日々考えていることをフランスから発信しています。自分の研究生活に関わる話題が多いですが、時に日常生活雑記も含まれます。

コルマールで初夏の朝の光の中を歩く

2021-06-11 23:59:59 | 雑感

 今日、一年三ヶ月ぶりに、ストラスブール市内の路面電車以外の電車に乗った。コルマールで開催される会議に出席するために利用した。この間、別に電車利用を特に避けていたわけではなく、都市間を移動する必要がなかっただけのことだが、久しぶりにストラスブール中央駅のホームに立ってみて、皆マスクをしている以外は特に以前と変わったところもなかった。ストラスブール・コルマール間は三十分ほどで、もともとそう混雑する路線でもなく、コロナ禍以前から二人がけの座席に一人ずつ座るのはごくふつうのことだった。
 ようやく夏らしい日となり、快晴の空高く太陽が輝き、日中の気温は二十八度まで上昇した。

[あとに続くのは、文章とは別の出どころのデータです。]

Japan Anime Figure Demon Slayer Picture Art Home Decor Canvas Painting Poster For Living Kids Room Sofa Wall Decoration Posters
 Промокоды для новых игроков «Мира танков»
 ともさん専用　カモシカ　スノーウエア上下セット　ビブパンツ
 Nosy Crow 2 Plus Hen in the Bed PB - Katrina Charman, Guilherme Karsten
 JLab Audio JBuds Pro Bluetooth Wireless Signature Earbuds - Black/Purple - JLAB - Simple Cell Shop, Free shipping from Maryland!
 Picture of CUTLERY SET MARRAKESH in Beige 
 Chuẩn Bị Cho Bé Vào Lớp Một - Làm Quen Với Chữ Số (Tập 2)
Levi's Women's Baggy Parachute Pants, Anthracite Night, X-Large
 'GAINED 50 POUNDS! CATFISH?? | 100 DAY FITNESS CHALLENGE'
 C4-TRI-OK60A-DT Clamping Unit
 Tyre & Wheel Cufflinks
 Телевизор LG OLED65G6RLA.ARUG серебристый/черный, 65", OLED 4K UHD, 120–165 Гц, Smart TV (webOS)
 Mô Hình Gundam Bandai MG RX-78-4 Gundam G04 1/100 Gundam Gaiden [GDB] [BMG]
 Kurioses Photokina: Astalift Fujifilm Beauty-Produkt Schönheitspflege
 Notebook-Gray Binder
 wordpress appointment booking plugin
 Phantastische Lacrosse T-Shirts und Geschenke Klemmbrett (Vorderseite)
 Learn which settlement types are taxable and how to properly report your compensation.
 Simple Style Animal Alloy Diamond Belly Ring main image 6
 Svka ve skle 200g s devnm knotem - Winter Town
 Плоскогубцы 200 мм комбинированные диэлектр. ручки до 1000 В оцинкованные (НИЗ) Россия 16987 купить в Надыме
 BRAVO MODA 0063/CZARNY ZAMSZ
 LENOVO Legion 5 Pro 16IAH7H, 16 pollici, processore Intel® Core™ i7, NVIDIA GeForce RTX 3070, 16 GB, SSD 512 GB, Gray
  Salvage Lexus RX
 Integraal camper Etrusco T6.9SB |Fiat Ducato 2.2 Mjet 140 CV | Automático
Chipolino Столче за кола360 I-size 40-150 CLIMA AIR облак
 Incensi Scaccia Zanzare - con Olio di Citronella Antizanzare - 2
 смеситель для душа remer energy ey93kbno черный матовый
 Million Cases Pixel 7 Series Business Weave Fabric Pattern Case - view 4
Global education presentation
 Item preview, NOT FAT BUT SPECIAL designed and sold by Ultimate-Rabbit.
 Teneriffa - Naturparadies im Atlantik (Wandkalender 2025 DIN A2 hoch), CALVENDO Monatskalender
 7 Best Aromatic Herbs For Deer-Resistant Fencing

湿度は低く、歩いていると流れ出した汗もむしろ心地よく感じられた。コルマール駅から会議場まで、徒歩十五分ばかりの道のり、朝の光に照らされた蒼樹が美しいシャン・ド・マルス公園を通り抜け、気持ちよく歩くことができた。ウンテルリンデン美術館近くの広場で、先生に連れられ街を見学している小学生たちのグループを何組か見かけた。そうした光景も人々の生活が平常に戻りつつあるしるしだ。
 会議があったのは、ウンテルリンデン美術館付属の建物で、広場を挟んで美術館に面している。会場は元屋内プールだった室内を改装したものだが、もとのままと思われる高い天井にはめ込まれた方形の色とりどりの硝子や白亜の壁面の装飾はなかなかに立派なものであった。会議後、その会場で簡単な昼食会があった。互いに十分に間隔を取られた丸テーブルそれぞれに六人ずつ座っての会食であった。食事に残ったのは三十数人だったであろうか。
 油断はもちろん禁物だし、まだ楽観が許されるわけではないが、コロナ禍からの出口がようやく見えてきたことを感じさせる一日だった。